- Born: David Bernard Todd Jr. March 22, 1931 Jefferson County, Alabama, U.S.
- Died: October 21, 1980 (aged 49) Nashville, Tennessee, U.S.
- Resting place: Greenwood Cemetery
- Education: Morehouse College Meharry Medical College University of Minnesota
- Occupation: Surgeon
- Employer: Meharry Medical College
- Spouse: Loraine LeShore
- Children: 1 son, 3 daughters

= David B. Todd Jr. =

American surgeon (1931–1980)

David Bernard Todd Jr. (March 22, 1931 – October 21, 1980) was an American surgeon. He was a professor of surgery at Meharry Medical College, and the first African-American cardiovascular surgeon in Nashville, Tennessee. He is the namesake of Dr DB Todd Jr. Boulevard in North Nashville.

==Early life==
Todd was born in 1931 in Jefferson County, Alabama. He graduated from Morehouse College, where he earned a bachelor's degree, followed by an MD from Meharry Medical College in 1956. He attended the University of Minnesota, where he earned a PhD in 1966.

==Career==
Todd began his career as an assistant professor of surgery at Meharry Medical College in 1966. He was also the director of the thoracic and cardiovascular divisions at Meharry. He became associate professor of surgery in 1969, and full professor in 1979.

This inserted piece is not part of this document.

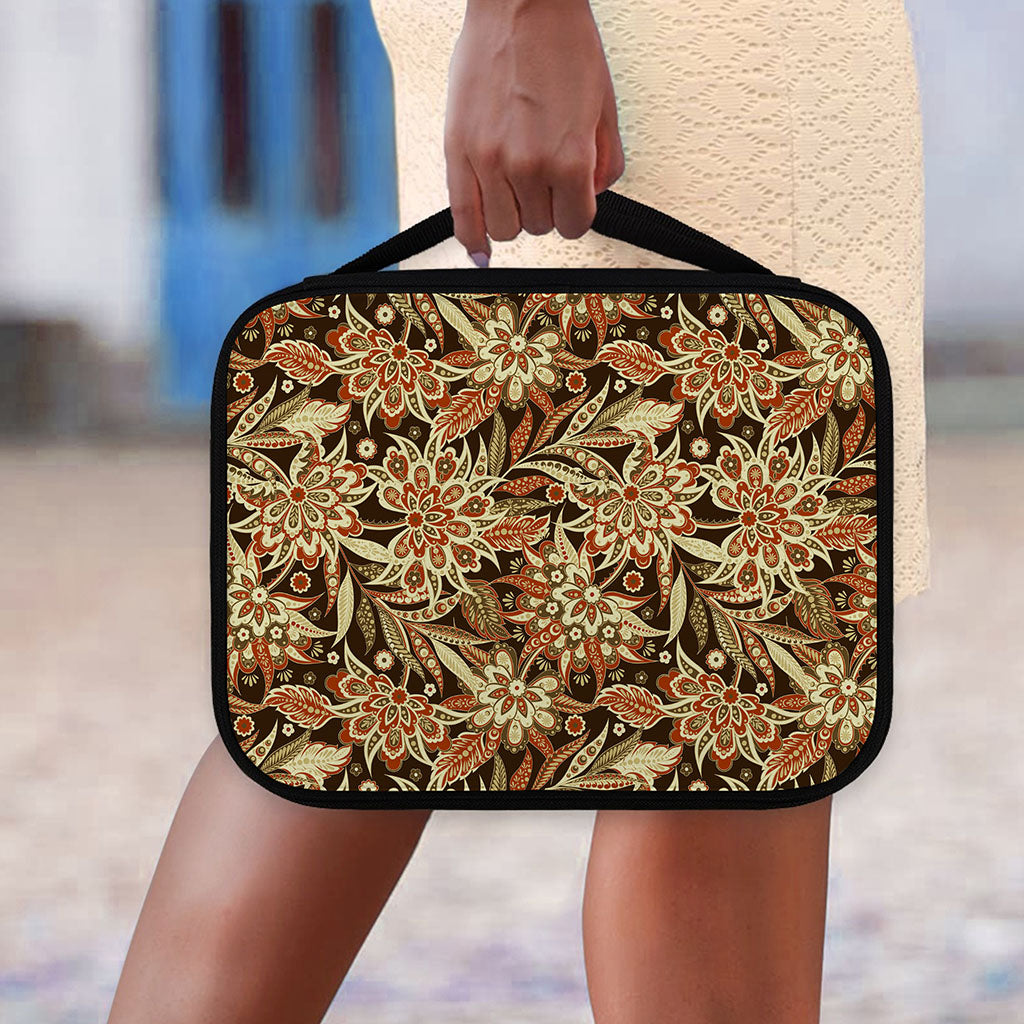 Vintage Brown Bohemian Floral Print Classic Bible Case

Todd was a physician at Hubbard Hospital on the Meharry campus, now known as Nashville General Hospital. According to The Tennessean, he was the "first black cardiovascular surgeon in Nashville," and he "headed the team that performed the first open heart surgery at Meharry in 1972."

Todd was a fellow of the American College of Chest Physicians, the American Geriatrics Society, and the American College of Surgeons. He served as the chair of the surgical division of the National Medical Association.

==Personal life, death and legacy==
With his wife, née Loraine LeShore, Todd had a son and three daughters. They resided in Bordeaux, a neighborhood of Nashville.

Todd died on October 21, 1980, at the Riverside Hospital in Nashville, at age 48. His funeral was held at First Baptist Church, Capitol Hill, and he was buried in Greenwood Cemetery. Dr DB Todd Jr. Boulevard, between Charlotte Avenue and Clarksville Pike, was named in his honor in 1982.